И опять в чулане возня. Дворник принес преогромные, как показалось Марии Петровне, крючья. Значит, половицы будут поднимать. Под половицами, которые тщательно уложил ее товарищ, в клеенку запрятаны последние номера газеты «Искра». Листики небольшого формата напечатаны на тонкой бумаге, а силу имеют огромную. Газету засунули в клеенку, сверток запрятали глубоко и припорошили землей со щепой, словно лежал здесь сто лет. Конспирация! Законы ее Мария Петровна хорошо изучила. К счастью, на этот раз ничего не обнаружили. Вот и офицер вышел из чулана, и Сидоров, который, как злой дух, всю ночь маячил перед глазами, отряхивал землю с колен.
— Марфуша, попросите Степана уложить дрова… На такой беспорядок и смотреть неприятно… — Мария Петровна зевнула, прикрывая рот ладошкой. Она устала от напряжения, устала от ожидания беды и волнений.
— Хорошо, барыня! — ответила Марфуша и удивилась: барыня никогда в такие мелочи не вмешивалась, но возражать не стала. Значит, есть какой-то умысел в ее словах.
Марфуша подняла глаза и ахнула — ночь прошла. В окна пробирался рассвет, и первые робкие солнечные лучи золотили стены кухни.
— Пора, господа хорошие, и честь знать. Нужно самовар ставить и барина в управу провожать! — Марфуша стала кочергой выгребать золу из печки, стараясь, чтобы пыль попала на бесстыжего Сидорова. «Словно кот по ночам ползает по подполу — нехороший человек-то какой!»
Офицер нахлобучил на голову фуражку. Подошел к зеркалу, висевшему в круглой раме в прихожей, и поглядел на себя. Наклеил на губы улыбочку и сказал сладким голосом Марии Петровне:
— Все закончилось вполне благополучно — душевно рад! Честь имею! — Он приложил руку в перчатке к козырьку фуражки. — Разрешите откланяться.
Сидоров недовольно хмыкнул, потуже застегнул широкий ремень, оглянулся кругом и, перешагивая через дрова, направился к двери.
За ним потянулись и другие жандармы.
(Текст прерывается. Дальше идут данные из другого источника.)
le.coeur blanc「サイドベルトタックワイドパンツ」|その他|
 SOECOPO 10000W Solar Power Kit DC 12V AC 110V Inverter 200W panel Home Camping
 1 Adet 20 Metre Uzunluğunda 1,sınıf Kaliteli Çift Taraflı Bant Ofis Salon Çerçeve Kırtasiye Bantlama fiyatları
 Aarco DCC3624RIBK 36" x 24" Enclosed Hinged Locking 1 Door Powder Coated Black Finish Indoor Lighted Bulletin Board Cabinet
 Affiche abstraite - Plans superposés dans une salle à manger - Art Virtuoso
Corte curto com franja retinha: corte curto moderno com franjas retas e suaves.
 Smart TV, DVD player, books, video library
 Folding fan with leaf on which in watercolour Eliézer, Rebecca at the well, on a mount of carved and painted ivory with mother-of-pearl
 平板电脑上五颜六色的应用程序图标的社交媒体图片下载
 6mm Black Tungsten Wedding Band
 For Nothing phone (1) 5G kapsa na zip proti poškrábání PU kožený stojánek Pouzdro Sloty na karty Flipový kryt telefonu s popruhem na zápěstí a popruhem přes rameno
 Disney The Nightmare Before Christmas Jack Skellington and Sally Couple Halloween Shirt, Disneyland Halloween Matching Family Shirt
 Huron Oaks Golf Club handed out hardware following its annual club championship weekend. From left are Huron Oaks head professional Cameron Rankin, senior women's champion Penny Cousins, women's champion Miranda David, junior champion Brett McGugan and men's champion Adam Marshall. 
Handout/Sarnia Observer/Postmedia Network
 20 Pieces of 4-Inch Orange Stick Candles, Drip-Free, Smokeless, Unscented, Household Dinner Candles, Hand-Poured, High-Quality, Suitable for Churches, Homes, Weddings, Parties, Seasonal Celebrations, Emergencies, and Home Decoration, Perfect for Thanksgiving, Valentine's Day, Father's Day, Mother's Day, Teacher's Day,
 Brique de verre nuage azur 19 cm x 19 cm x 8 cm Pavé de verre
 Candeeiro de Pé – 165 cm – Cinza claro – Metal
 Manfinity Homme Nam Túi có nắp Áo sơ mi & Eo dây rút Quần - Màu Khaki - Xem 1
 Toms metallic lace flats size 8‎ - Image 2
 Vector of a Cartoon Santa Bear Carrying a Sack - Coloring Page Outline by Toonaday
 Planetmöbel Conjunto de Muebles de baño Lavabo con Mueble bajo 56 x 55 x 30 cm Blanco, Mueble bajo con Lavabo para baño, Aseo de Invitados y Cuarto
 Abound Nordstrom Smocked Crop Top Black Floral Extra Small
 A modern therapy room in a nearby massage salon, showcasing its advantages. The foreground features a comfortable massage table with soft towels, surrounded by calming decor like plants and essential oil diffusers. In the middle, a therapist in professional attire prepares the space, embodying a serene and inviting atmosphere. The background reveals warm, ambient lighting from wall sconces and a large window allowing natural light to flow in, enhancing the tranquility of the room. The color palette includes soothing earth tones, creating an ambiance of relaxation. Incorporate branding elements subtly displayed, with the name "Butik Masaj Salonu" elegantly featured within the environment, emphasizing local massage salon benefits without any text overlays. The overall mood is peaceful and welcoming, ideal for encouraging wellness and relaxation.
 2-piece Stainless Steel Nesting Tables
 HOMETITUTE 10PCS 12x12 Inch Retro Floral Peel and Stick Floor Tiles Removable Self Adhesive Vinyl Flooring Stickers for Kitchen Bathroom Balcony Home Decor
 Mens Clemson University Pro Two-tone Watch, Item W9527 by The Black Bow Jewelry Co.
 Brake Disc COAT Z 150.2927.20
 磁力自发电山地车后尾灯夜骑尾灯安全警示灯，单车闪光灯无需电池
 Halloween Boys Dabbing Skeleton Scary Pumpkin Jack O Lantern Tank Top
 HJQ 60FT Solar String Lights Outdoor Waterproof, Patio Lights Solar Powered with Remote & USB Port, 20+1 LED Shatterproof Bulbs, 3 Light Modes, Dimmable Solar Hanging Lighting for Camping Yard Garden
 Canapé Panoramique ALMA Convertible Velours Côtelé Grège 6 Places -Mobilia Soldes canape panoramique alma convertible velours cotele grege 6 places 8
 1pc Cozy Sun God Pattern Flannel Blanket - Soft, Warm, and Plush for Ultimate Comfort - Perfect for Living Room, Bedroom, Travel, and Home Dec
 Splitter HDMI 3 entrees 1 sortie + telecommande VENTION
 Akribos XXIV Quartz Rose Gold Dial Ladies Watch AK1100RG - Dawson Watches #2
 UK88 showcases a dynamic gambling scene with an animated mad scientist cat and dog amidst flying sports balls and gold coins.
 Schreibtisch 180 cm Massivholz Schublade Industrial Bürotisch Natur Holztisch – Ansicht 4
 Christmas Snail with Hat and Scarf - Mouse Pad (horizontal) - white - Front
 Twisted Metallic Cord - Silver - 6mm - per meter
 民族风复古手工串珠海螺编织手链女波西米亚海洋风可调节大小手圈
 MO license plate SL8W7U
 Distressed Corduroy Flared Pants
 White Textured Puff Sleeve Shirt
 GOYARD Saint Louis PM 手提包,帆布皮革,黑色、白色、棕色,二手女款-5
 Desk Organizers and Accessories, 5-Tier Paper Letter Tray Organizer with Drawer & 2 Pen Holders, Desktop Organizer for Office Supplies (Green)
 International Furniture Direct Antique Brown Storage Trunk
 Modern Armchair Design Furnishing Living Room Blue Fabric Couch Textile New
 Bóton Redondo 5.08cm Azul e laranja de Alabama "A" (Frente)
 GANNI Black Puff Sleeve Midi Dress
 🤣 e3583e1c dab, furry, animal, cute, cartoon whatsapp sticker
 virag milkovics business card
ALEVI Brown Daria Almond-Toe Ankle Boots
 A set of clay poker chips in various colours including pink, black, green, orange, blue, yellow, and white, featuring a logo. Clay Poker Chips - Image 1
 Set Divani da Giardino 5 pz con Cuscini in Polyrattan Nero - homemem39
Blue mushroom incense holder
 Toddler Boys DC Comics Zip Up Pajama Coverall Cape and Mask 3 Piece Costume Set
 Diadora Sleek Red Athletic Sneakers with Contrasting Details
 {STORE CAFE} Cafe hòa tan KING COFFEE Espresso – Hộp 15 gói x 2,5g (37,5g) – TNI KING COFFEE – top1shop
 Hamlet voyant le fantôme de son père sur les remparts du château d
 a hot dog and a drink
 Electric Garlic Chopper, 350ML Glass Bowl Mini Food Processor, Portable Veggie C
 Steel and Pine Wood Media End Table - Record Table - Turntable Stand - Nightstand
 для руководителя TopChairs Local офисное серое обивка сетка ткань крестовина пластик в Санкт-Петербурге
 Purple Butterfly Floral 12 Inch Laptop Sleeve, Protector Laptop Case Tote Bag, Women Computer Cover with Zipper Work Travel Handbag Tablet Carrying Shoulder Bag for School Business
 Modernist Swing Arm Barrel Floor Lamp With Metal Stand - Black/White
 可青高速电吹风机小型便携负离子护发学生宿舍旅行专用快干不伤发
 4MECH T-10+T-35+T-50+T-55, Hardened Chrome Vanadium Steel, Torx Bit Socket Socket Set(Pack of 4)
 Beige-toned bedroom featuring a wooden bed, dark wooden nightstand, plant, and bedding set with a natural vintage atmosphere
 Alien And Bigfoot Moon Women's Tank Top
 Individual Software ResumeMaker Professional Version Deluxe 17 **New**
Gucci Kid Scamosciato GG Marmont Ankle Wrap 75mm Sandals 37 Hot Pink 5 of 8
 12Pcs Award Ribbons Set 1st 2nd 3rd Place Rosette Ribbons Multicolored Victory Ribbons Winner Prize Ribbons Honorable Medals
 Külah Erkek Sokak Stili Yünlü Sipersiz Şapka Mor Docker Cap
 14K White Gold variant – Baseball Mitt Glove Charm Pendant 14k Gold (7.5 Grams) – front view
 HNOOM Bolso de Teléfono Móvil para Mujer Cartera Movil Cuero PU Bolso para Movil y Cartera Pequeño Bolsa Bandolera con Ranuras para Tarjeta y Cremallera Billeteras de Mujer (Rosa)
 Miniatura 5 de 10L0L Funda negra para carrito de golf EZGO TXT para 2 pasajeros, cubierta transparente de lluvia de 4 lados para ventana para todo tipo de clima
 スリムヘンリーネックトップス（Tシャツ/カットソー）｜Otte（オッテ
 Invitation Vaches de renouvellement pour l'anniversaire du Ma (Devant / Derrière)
Шествие замыкал дворник Степан. Он виновато растопыривал руки и старался поймать взгляд Марфуши.
— Значит, все раскидали, разбросали — и до свиданья! — Марфуша с трудом подавила гнев. — Нет уж, помогите дрова собрать…
— Успокойтесь, Марфуша! — Мария Петровна зло прищурила глаза. — При существующих порядках расстаемся с господином ротмистром ненадолго… Я вам уже советовала попросить Степана помочь…
— Квартиру разворошили, словно муравейник в лесу! — Марфуша с сердцем громыхнула кочергой и направилась к двери, чтобы закрыть за непрошеными гостями. — Степан, приходи через часок…
Мария Петровна извинений офицера не приняла и ушла в детскую, не ответив на его поклон.
ДВОРНИК СТЕПАН И МЕШОК
Осень стояла холодная. Утрами моросили дожди, вода с шумом стекала по водостокам, унося опавший лист. С деревьев падали капли дождя и повисали на острых листьях. Трава, омытая дождем, казалась ярко-зеленой, словно весной. По дорожкам прыгали воробьи, важно разгуливали вороны.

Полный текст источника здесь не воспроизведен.